What is being asked:
The required output is the stretch from the line containing "Brunch Brother Hologram Sticker" through the line containing "Case for Apple" in the records below, unaltered and with no pictures.
____ Supplied material
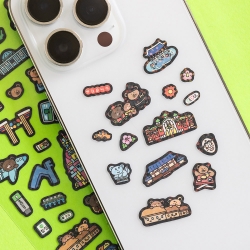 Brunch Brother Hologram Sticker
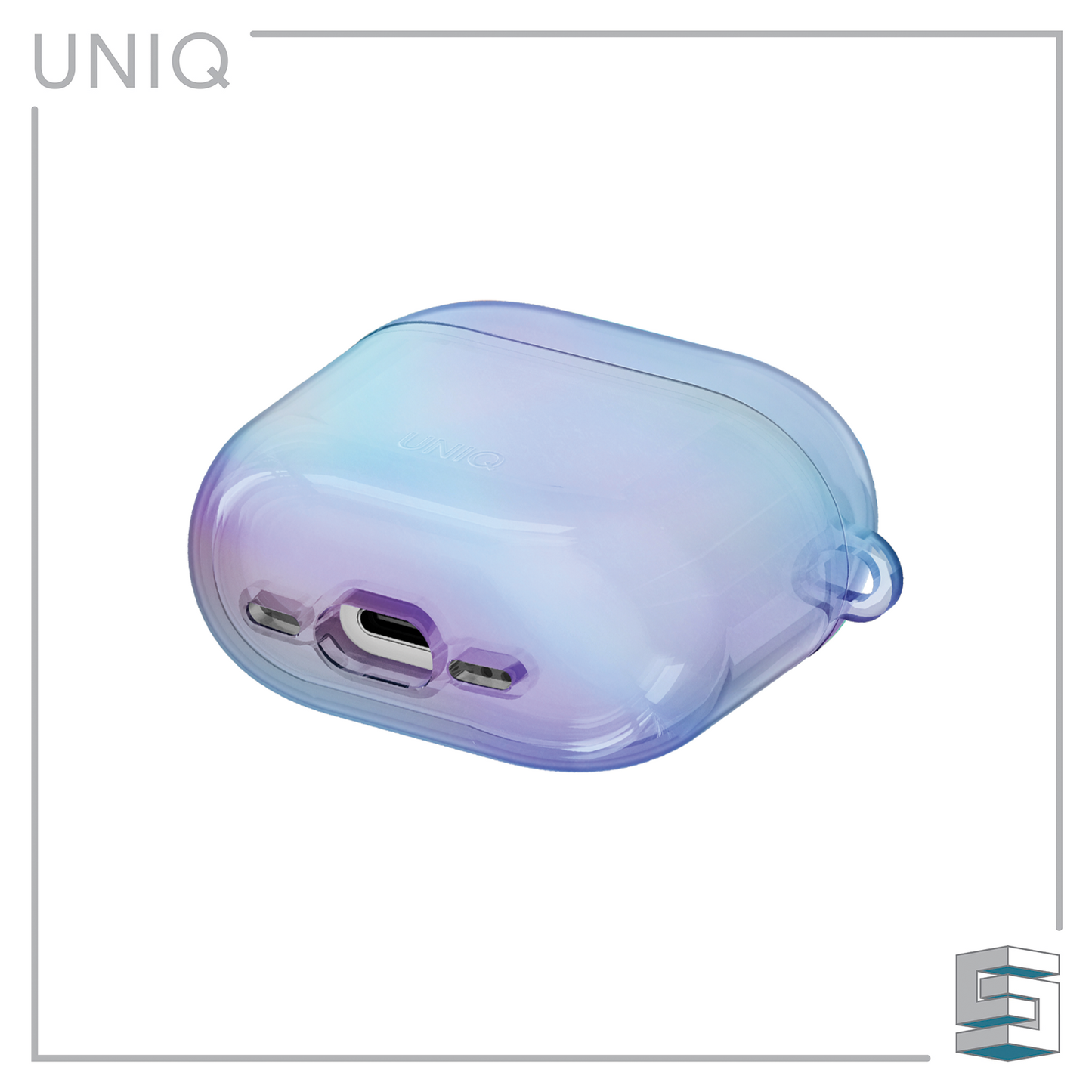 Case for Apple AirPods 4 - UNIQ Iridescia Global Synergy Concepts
________
____ Supplied material
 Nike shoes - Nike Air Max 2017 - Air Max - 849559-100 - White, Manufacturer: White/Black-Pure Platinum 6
________
Answer to this exercise:
 Brunch Brother Hologram Sticker
 Case for Apple AirPods 4 - UNIQ Iridescia Global Synergy Concepts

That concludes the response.